# Records for the exercise
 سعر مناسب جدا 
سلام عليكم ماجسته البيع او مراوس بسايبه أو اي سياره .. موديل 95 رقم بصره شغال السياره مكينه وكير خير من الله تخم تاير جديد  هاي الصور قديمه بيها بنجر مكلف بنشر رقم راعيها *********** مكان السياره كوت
==
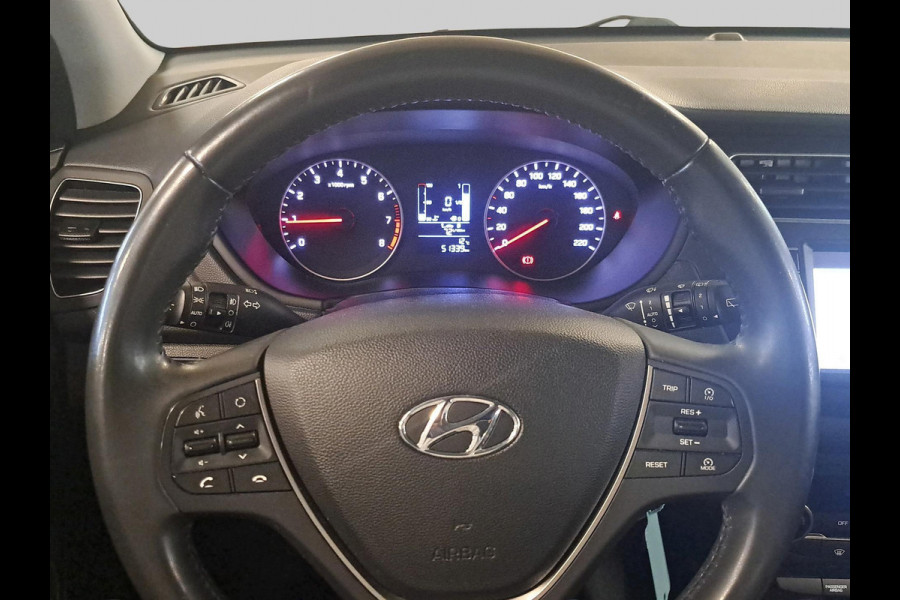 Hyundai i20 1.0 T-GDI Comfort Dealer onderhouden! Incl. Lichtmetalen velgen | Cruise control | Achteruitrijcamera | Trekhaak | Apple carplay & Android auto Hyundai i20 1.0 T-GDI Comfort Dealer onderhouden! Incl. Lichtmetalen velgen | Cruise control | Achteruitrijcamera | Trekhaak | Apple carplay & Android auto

# Activity
Would you retype the lines above from the one with "سعر مناسب جدا" down to the one with "سلام عليكم ماجسته", word for word, both ends included and no other lines?

# Response box
 سعر مناسب جدا 
سلام عليكم ماجسته البيع او مراوس بسايبه أو اي سياره .. موديل 95 رقم بصره شغال السياره مكينه وكير خير من الله تخم تاير جديد  هاي الصور قديمه بيها بنجر مكلف بنشر رقم راعيها *********** مكان السياره كوت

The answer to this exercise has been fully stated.